╔══
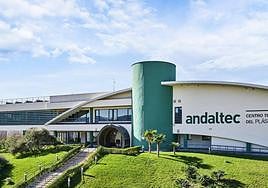 Andaltec pone sonido a los coches eléctricos desde Martos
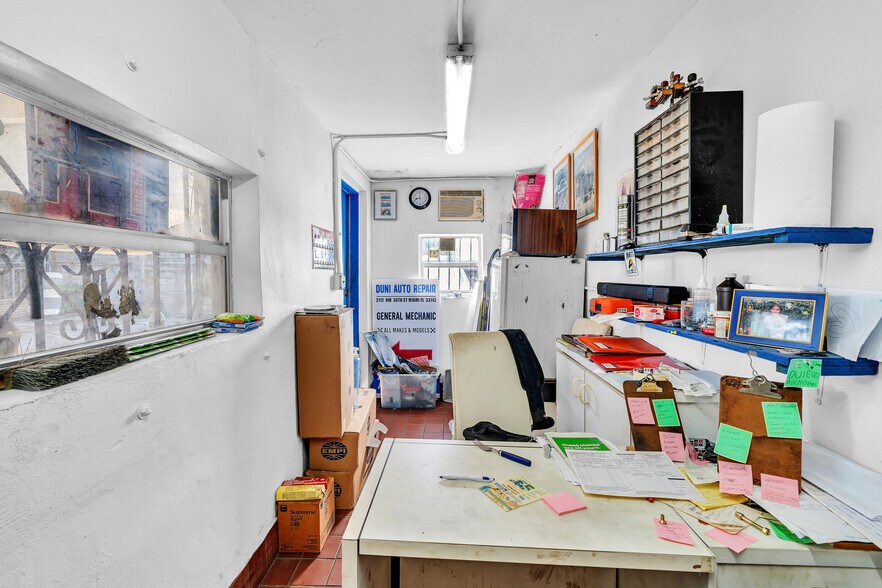 More Photos Of 2112 NW 36th St, Miami Auto Repair For Sale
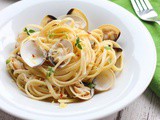 Linguine alle Vongole - Clam Linguine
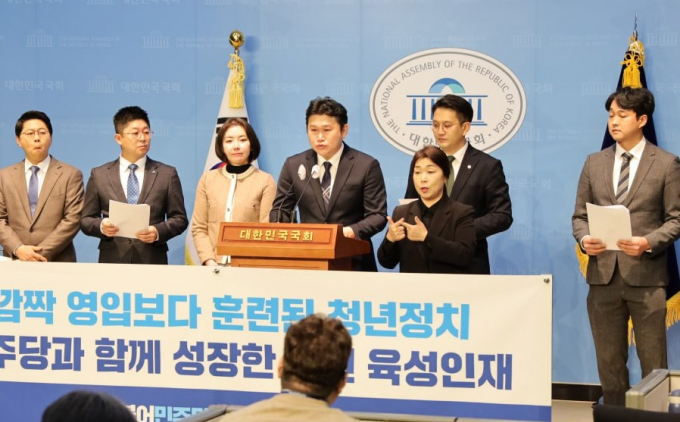 지난 5일 열린 민주당 전국청년위원회 기자회견에서 김의성 전 대통령실 행정관(가운데)이 발언을 하고 있다./사진=민주당 전국청년위원회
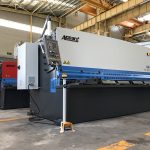 hydraulinen leikkauskone 12mm teräslevyn leikkauskone 2500mm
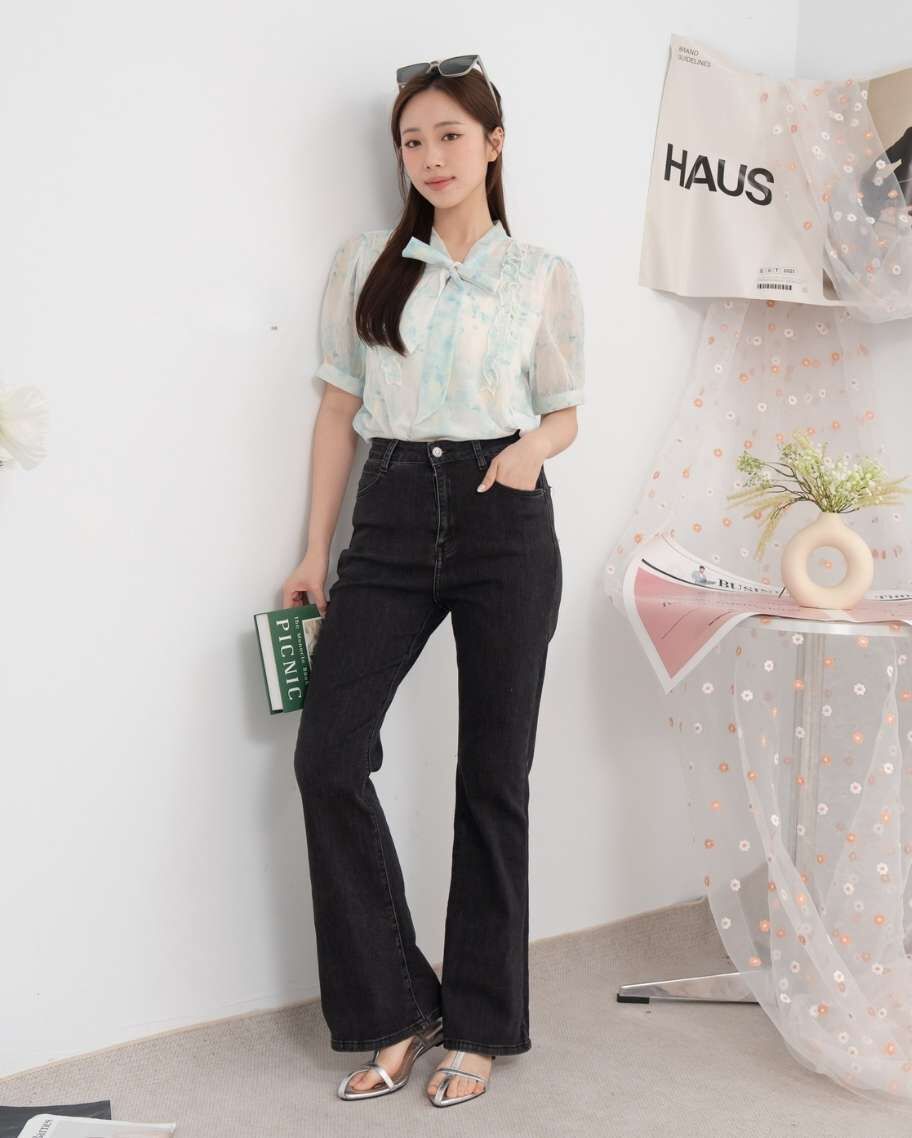 休閒百搭愛心釦喇叭褲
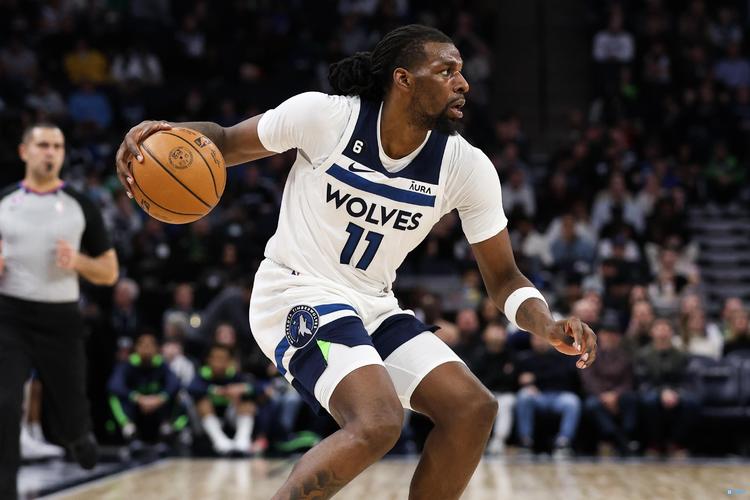 NBA 季后赛森林狼胜勇士扳平总比分，纳兹 - 里德表现出色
╚══
## DIRECTIONS FOR THIS TASK
Return the listing verbatim, pictures excluded.

## EXERCISE RESPONSE
 Andaltec pone sonido a los coches eléctricos desde Martos
 More Photos Of 2112 NW 36th St, Miami Auto Repair For Sale
 Linguine alle Vongole - Clam Linguine
 지난 5일 열린 민주당 전국청년위원회 기자회견에서 김의성 전 대통령실 행정관(가운데)이 발언을 하고 있다./사진=민주당 전국청년위원회
 hydraulinen leikkauskone 12mm teräslevyn leikkauskone 2500mm
 休閒百搭愛心釦喇叭褲
 NBA 季后赛森林狼胜勇士扳平总比分，纳兹 - 里德表现出色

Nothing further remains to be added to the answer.